_What to work on_.
Give back the full listing as written. No pictures go with it.

_Dataset excerpt_.
◆ ◆ ◆

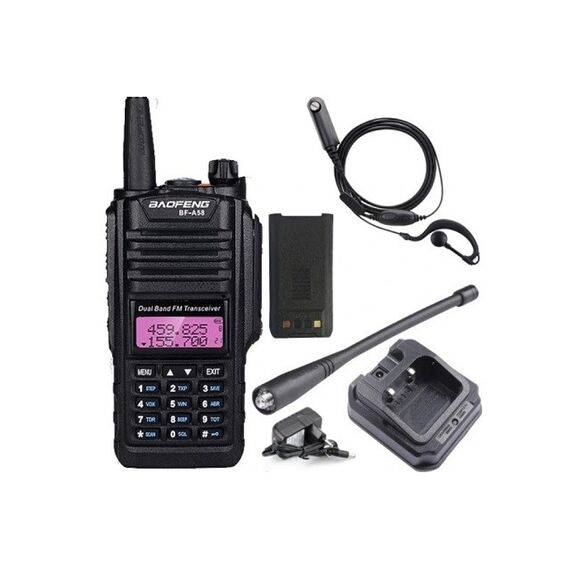 BAOFENG BF-A58 WALKIE-TALKIE BLACK | Techbox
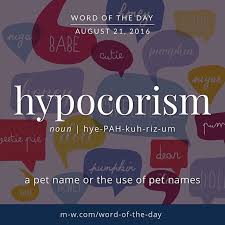 The Wordoftheday Is Hypocorism Merriamwebster Language Dictionary Unusual Words Dictionary Words Words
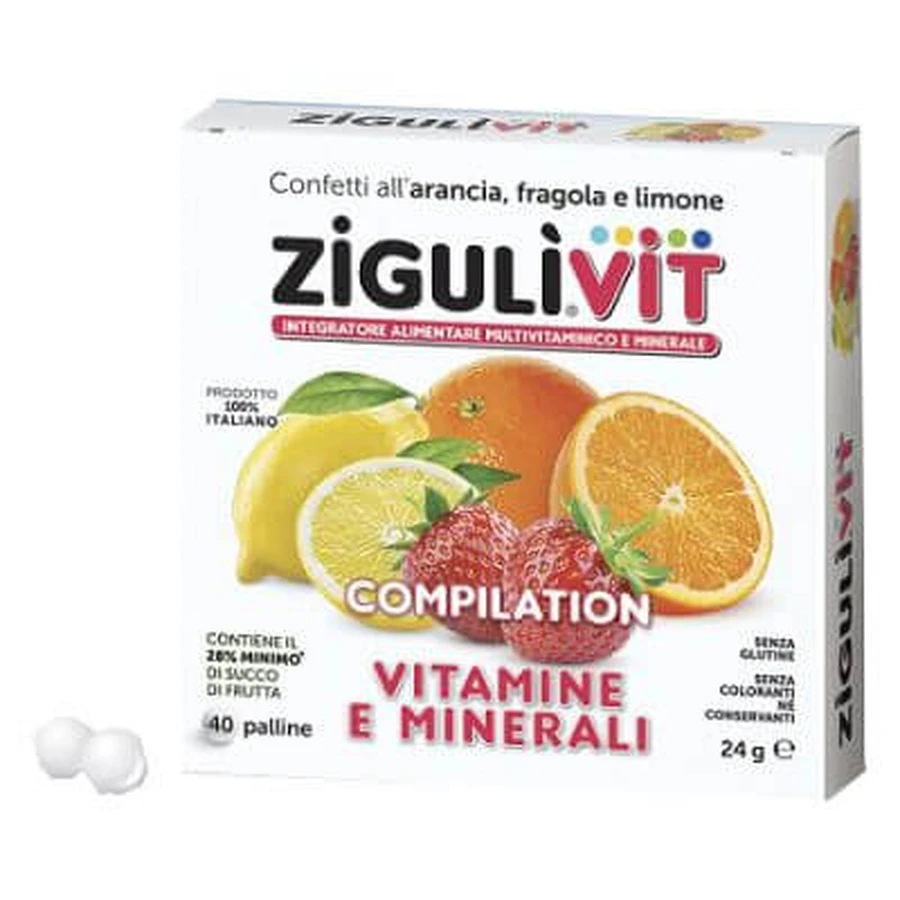 Ziguli vit compilatie 40 geglaceerde amandelen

◆ ◆ ◆

_Answer to this problem_.
 BAOFENG BF-A58 WALKIE-TALKIE BLACK | Techbox
 The Wordoftheday Is Hypocorism Merriamwebster Language Dictionary Unusual Words Dictionary Words Words
 Ziguli vit compilatie 40 geglaceerde amandelen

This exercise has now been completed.